SALT: A Semi-automatic Labeling Tool for RGB-D Video Sequences
This tool addresses the need for efficient data labeling in computer vision, particularly for 3D object pose and segmentation tasks, but it is incremental as it builds on existing annotation methods.
The paper tackles the problem of labeling large RGB-D video datasets by introducing SALT, a semi-automatic tool that reduces annotation time by up to 33.95 times for bounding boxes and 8.55 times for RGB segmentation while maintaining ground truth quality.

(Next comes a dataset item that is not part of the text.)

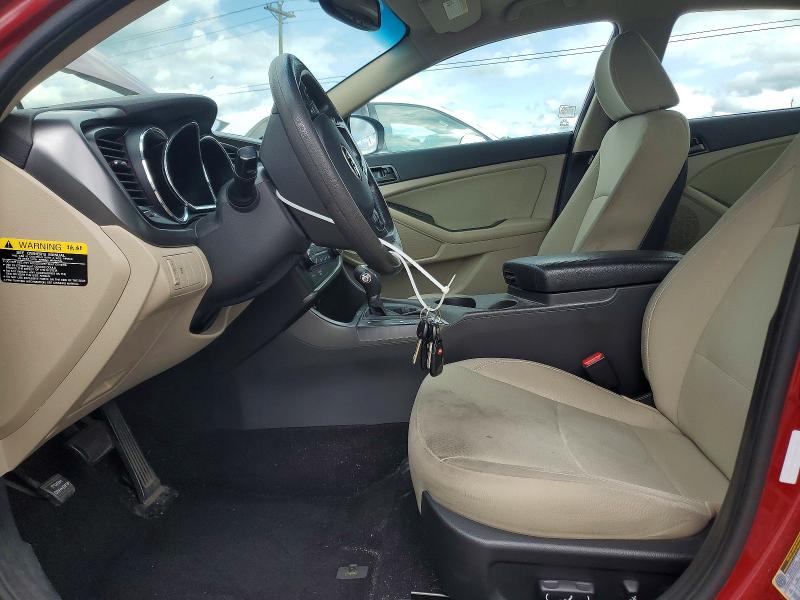 2013 Kia Optima VIN 5XXGM4A75DG237674 COPART salvage auction — FRONT END, Salvage Title, sold $550 on 2026-07-15 (photo 7)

Large labeled data sets are one of the essential basics of modern deep learning techniques. Therefore, there is an increasing need for tools that allow to label large amounts of data as intuitively as possible. In this paper, we introduce SALT, a tool to semi-automatically annotate RGB-D video sequences to generate 3D bounding boxes for full six Degrees of Freedom (DoF) object poses, as well as pixel-level instance segmentation masks for both RGB and depth. Besides bounding box propagation through various interpolation techniques, as well as algorithmically guided instance segmentation, our pipeline also provides built-in pre-processing functionalities to facilitate the data set creation process. By making full use of SALT, annotation time can be reduced by a factor of up to 33.95 for bounding box creation and 8.55 for RGB segmentation without compromising the quality of the automatically generated ground truth.